The second thing, we have *no* idea how long it may take us. Since we are hoping to use fresh-never-frozen sperm, the process of getting pregnant should go more quickly. After age 30, a woman's ease of conceiving begins to dimish. I'm not ready to play with that fire. If all goes well, I will be a parent before I am 30, which has been my goal since the tender age of 16.
The third thing, I've been waiting to become a parent since I was 16. The day I turned 24 was the day it was perfectly acceptable to begin having children (at least in my mind). 23 and below was too young. I don't *WANT* to wait until I'm 30. I've worked my tush off to get my life to a point where I can have kids and afford them.
We have the luxury of no accidental pregnancies (which is an absolute blessing until you want to get pregnant), so this means that we can get our shit together before our kid comes. Right?

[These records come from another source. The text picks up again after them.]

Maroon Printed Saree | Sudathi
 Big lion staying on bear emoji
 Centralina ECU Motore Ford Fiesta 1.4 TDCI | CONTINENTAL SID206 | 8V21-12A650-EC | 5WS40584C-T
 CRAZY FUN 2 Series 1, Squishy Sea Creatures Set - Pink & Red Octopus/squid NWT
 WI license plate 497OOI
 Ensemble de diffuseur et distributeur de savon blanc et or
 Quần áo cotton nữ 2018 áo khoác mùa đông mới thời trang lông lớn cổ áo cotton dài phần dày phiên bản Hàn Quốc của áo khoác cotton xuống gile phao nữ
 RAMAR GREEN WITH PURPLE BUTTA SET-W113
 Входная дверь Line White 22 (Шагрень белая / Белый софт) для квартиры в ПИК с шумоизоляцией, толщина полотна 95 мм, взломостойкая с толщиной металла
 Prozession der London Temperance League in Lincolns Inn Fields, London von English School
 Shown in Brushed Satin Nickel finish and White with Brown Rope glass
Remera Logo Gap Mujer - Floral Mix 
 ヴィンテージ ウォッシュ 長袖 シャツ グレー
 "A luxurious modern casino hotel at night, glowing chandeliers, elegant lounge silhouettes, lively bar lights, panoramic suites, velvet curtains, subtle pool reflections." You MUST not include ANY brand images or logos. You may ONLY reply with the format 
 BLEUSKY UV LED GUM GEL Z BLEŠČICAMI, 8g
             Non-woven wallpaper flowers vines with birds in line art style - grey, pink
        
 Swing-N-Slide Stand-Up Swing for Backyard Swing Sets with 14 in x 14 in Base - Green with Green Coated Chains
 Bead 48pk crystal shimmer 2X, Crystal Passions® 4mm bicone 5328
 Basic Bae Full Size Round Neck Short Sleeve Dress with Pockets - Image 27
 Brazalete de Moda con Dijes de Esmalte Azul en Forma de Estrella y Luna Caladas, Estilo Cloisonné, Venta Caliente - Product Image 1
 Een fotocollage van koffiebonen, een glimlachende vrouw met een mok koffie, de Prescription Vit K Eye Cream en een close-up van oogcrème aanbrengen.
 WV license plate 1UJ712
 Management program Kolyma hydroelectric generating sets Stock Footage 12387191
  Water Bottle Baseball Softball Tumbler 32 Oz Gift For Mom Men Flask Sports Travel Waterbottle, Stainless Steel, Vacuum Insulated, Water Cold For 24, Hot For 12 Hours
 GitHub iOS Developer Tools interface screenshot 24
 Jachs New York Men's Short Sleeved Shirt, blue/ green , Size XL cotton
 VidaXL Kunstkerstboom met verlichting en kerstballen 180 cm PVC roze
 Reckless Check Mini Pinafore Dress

Wrong. We'd never have them because we'd always be working towards getting our shit together. Don't have the right job, enough money in the bank, the right house, the right stuff, enough time, etc. Things will never be perfect.
Both of our parents had us later in their life. My mom was 37 when I was born. I *cannot* imagine waiting another 11 years to have my first child, it actually makes me nauseated to think about it. J's mom was also 37.
So, we start looking at when is an acceptable time, a work-able time. When is it financial feasible for us to have a child and not go bankrupt at the cost of pre-school. We're at this point now. J is re-examining her academic priorities and weighing them heavily against the consequences of waiting to have a baby. I will delay my master's until our kids are older and J has finished her undergrad.
In short, different families have different priorities. Some families never have the choice, as many dear friends have had happen. They make it work.
We're done waiting. We're ready *now*. It's time to start putting one foot in front of the other. We're ready to be up all night, deal with puke (although that will be my job), sick kids, sibling rivalry, and the ups and downs that come with being a parent.